Fachin suspende decisão de Mendonça contra Andrei e leva crise com PF ao Plenário
Presidente do Supremo aponta grave lesão à integridade da Corte, paralisa processo conduzido por Mendonça e convoca sessão extraordinária para o dia 15 de setembro.
O presidente do Supremo Tribunal Federal, Edson Fachin, suspendeu nesta quarta-feira (9) a decisão do ministro André Mendonça que havia afastado o diretor-geral da Polícia Federal, Andrei Rodrigues, e o diretor de Inteligência Policial, Leandro Almada. Fachin também paralisou o processo conduzido por Mendonça e convocou uma sessão extraordinária do Plenário para 15 de setembro, às 10h.
A intervenção ocorreu após uma avaliação sobre a escalada de conflitos internos na Corte.

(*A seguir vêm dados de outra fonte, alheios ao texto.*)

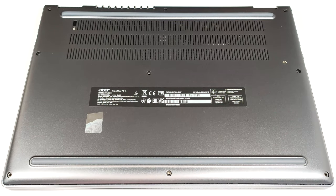Hello, this is Nick from Laptop Media and today we will show you how to open the Acer Travelmate P4, TMP414-51.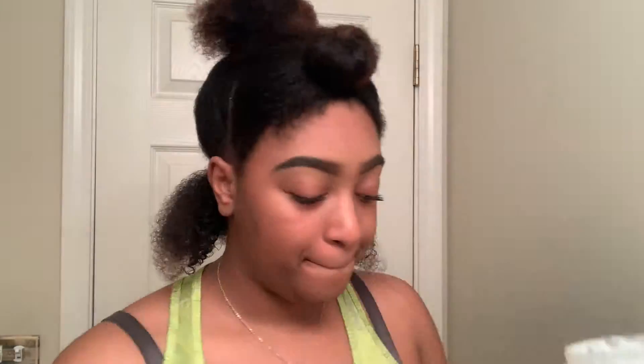Working that through the hair, I'll be following up with probably the only curl cream I've used for months, and that's the Diva Curl Curl Elongator Super Stretch. I love this product — I've done a demo on it before. It's super easy and just helps keep the shrinkage away. Now we're going to focus on these twists.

Fachin apontou que a sucessão de decisões individuais envolvendo Mendonça, Flávio Dino e Alexandre de Moraes gerou sobreposições processuais que configuram grave lesão à ordem pública e à integridade do Tribunal.
"Delineia-se, assim, quadro de conflitos e sobreposições processuais que configuram grave lesão à ordem pública e à integridade deste Tribunal: decisões monocráticas sucessivas, proferidas por integrantes desta Corte em incidentes distintos, mas entrelaçados pelos mesmos fatos e autoridades", declarou Fachin.
A Petição 16.662, sob a relatoria de Mendonça, foi paralisada até nova deliberação do Plenário, e a decisão de Dino que determinava a reintegração imediata dos delegados também foi suspensa pelo presidente da Corte.
Contexto e cronologia da crise na PF
A controvérsia teve início em 24 de agosto, quando Mendonça requisitou à Polícia Federal informações atualizadas sobre as investigações do Banco Master, com foco na identificação de integrantes da rede de influência atribuída ao banqueiro Daniel Vorcaro. Após a entrega do material, os relatórios gerados passaram a questionar a atuação do próprio ministro.
Em 3 de setembro, Alexandre de Moraes enviou à Presidência do STF uma manifestação na qual apontou fortes indícios da prática de improbidade administrativa, abuso de autoridade e crime de responsabilidade por parte de Mendonça. Fachin abriu um procedimento próprio, a Petição 16.704, estabelecendo prazos para manifestações que ainda estavam vigentes quando ocorreu o afastamento da cúpula policial.
Fachin registrou que Mendonça agiu antes de escoados os prazos comuns concedidos, determinando o afastamento cautelar das autoridades policiais e a abertura de procedimentos de natureza penal e administrativo-disciplinar sob sua própria supervisão.
Revisão e próximos passos no STF
O presidente do STF argumentou que manter os diferentes procedimentos sob relatorias distintas criava risco concreto de decisões contraditórias e de tumulto processual. Fachin destacou que a prioridade da Corte é esclarecer os fatos e assegurar a adequada direção dos trabalhos institucionais.
Além de paralisar as medidas contra a cúpula da Polícia Federal, Fachin determinou que todo e qualquer procedimento sobre potencial investigação contra integrantes do STF seja remetido previamente à Presidência, reservando-se o poder de nova intervenção caso ocorram decisões incompatíveis.
A palavra final sobre a controvérsia caberá aos onze ministros do STF durante a sessão extraordinária agendada para o dia 15 de setembro.